> **Data block**
---*---

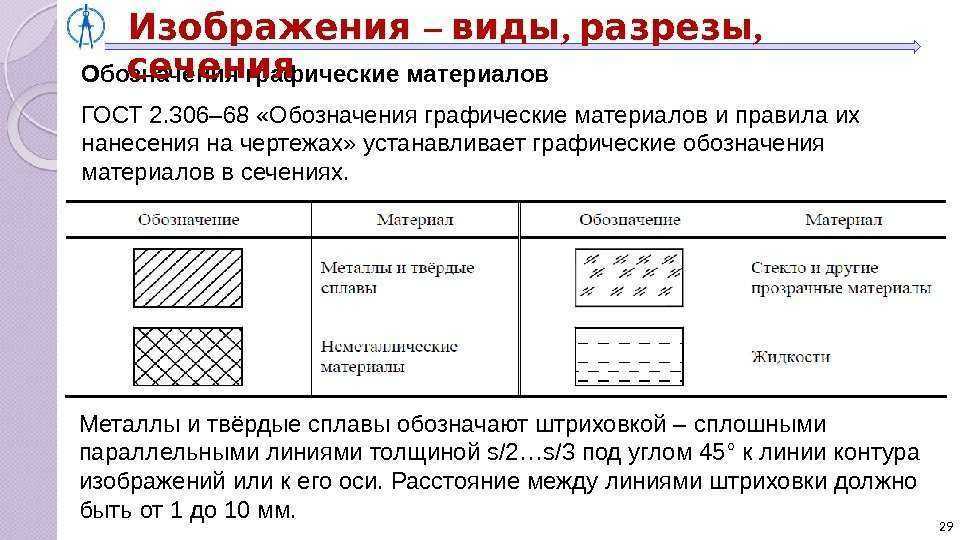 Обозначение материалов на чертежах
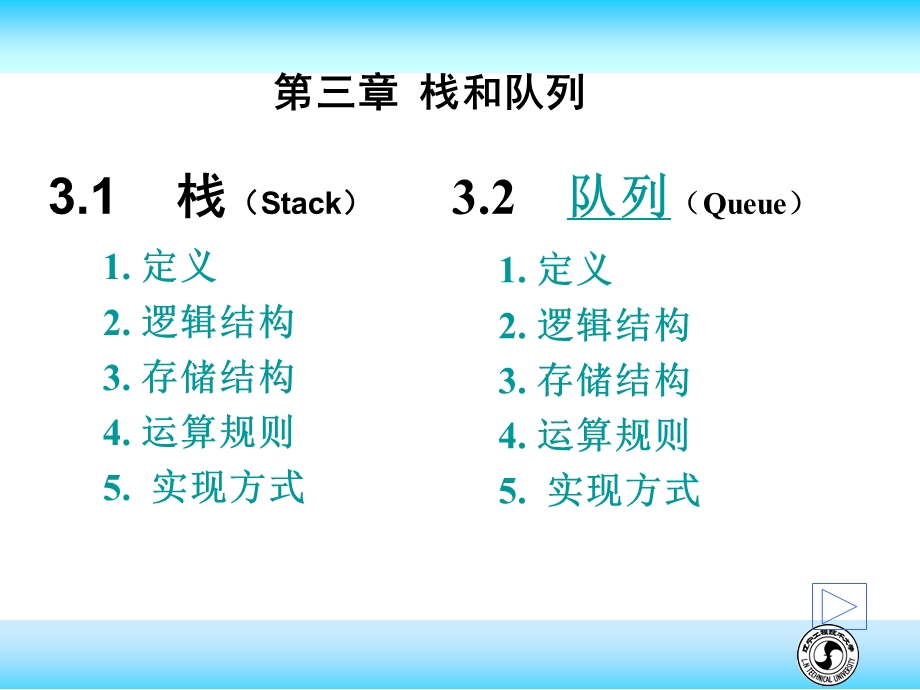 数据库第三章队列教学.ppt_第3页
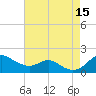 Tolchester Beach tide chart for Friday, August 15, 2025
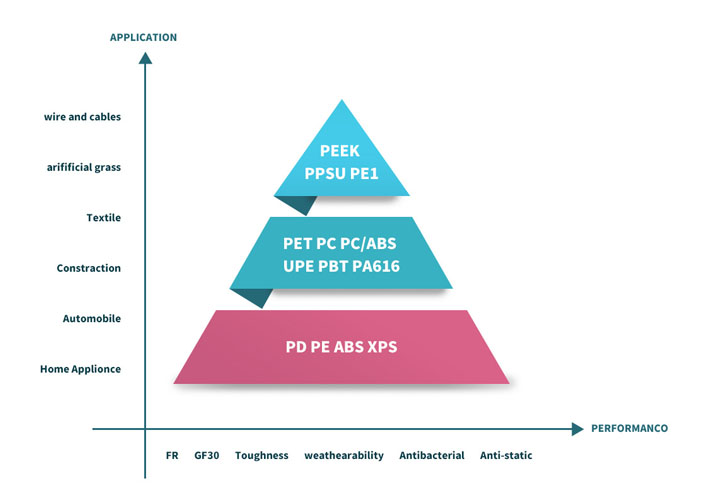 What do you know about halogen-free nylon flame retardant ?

---*---

> **What you will do**
Please write the data out again exactly, but do not carry over the pictures.

> **Answer to this task**
 Обозначение материалов на чертежах
 数据库第三章队列教学.ppt_第3页
 Tolchester Beach tide chart for Friday, August 15, 2025
 What do you know about halogen-free nylon flame retardant ?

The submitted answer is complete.